Retype the material that follows exactly, limited to the lines from the one with "Cool mint mouthwash" through the one with "Silberring mit ovalem", and keep out all pictures.

» Raw data
__________

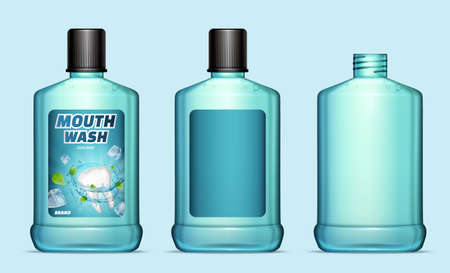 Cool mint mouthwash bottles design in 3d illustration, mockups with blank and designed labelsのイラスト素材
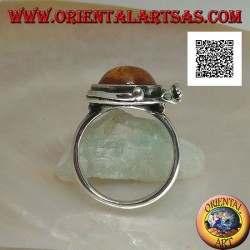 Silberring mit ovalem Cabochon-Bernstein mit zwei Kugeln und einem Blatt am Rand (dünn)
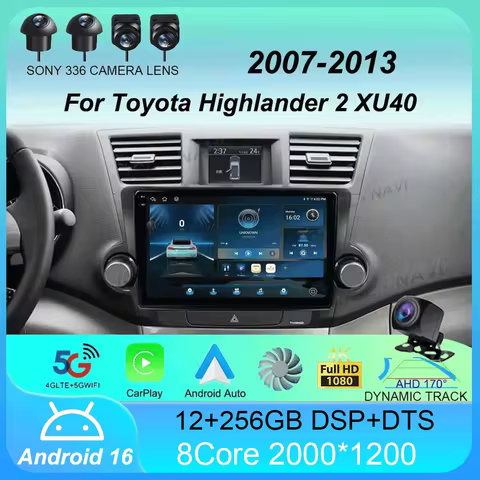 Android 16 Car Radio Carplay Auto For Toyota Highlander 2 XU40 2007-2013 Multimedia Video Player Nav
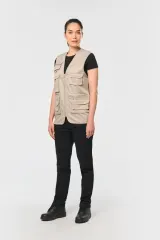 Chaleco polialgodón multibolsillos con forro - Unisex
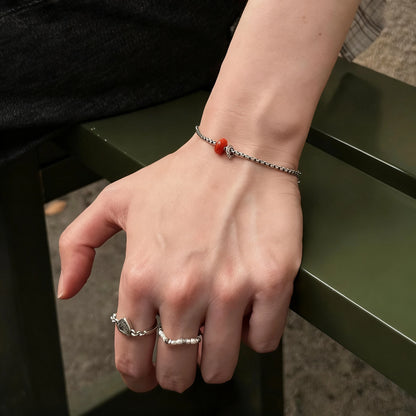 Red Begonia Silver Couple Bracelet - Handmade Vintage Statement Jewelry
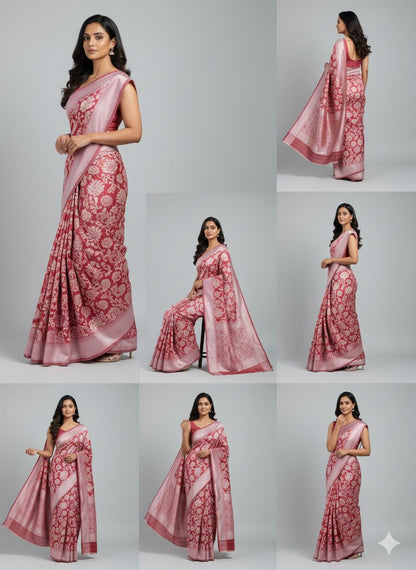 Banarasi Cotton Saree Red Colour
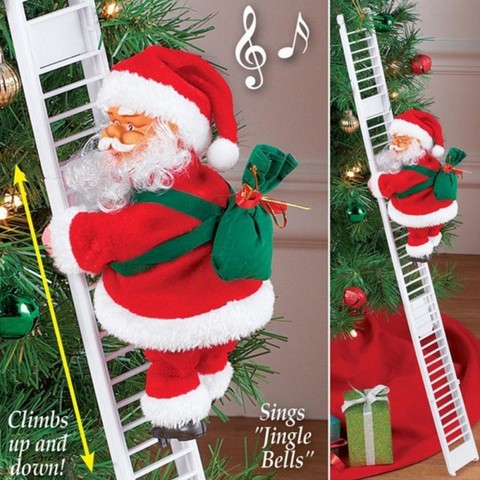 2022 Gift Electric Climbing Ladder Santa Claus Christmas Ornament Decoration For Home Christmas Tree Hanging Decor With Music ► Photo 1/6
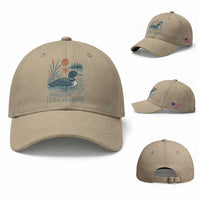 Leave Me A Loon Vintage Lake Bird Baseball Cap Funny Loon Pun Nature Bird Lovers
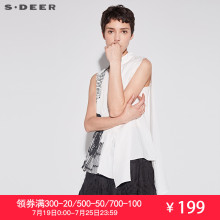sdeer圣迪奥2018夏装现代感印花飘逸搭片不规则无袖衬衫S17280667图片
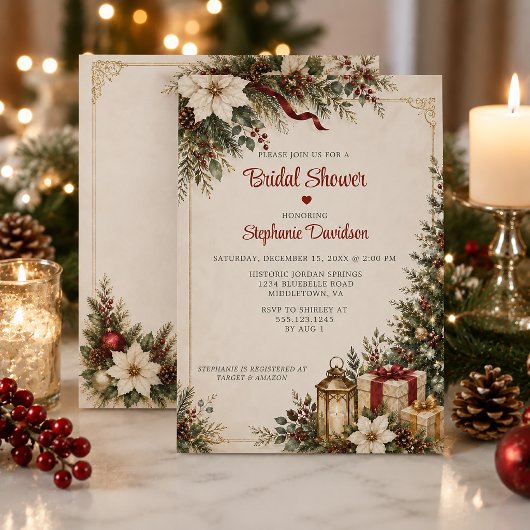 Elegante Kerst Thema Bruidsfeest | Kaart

__________

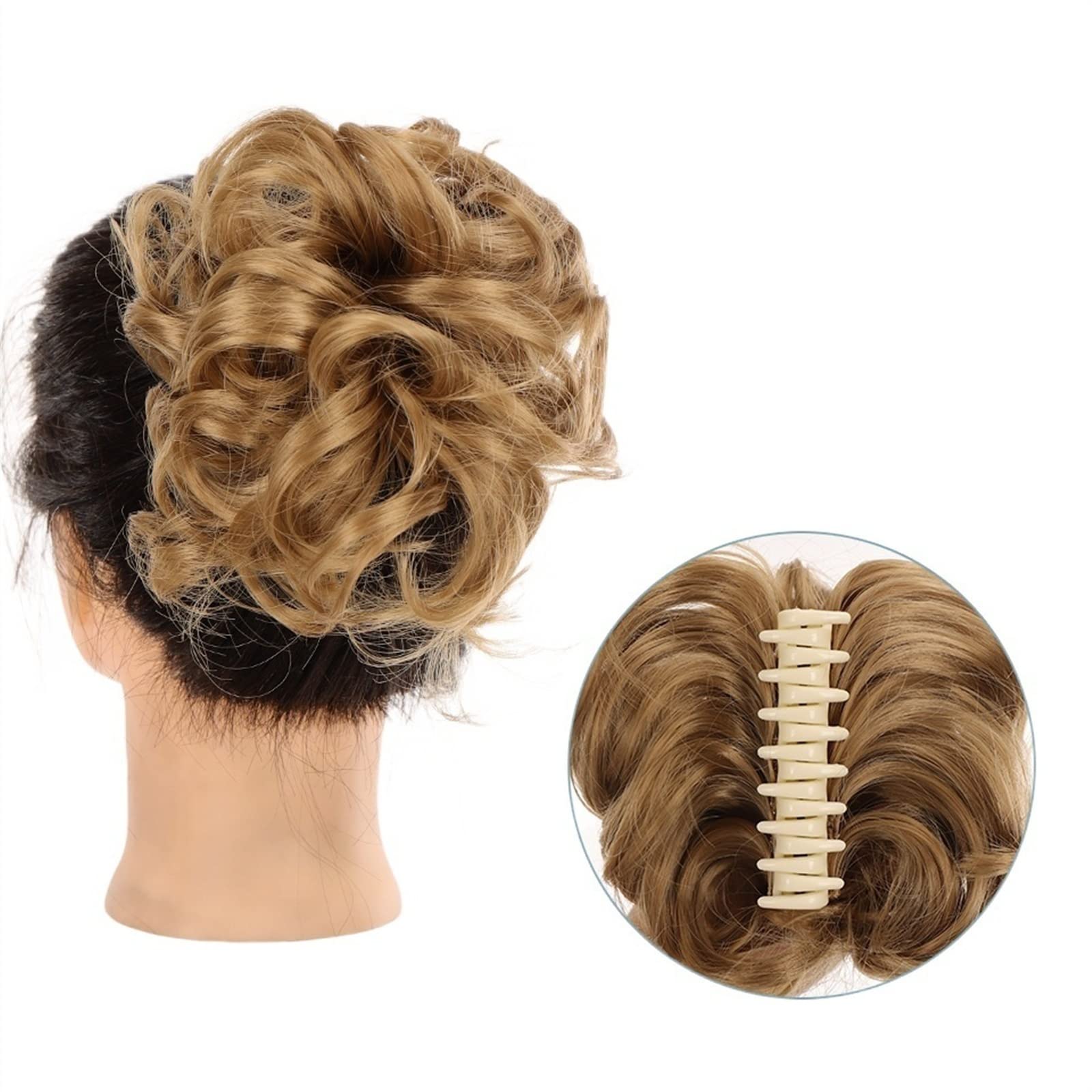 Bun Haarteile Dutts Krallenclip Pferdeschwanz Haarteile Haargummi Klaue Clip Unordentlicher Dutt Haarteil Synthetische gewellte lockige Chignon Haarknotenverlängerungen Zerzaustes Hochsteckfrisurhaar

__________

» Response to this exercise
 Cool mint mouthwash bottles design in 3d illustration, mockups with blank and designed labelsのイラスト素材
 Silberring mit ovalem Cabochon-Bernstein mit zwei Kugeln und einem Blatt am Rand (dünn)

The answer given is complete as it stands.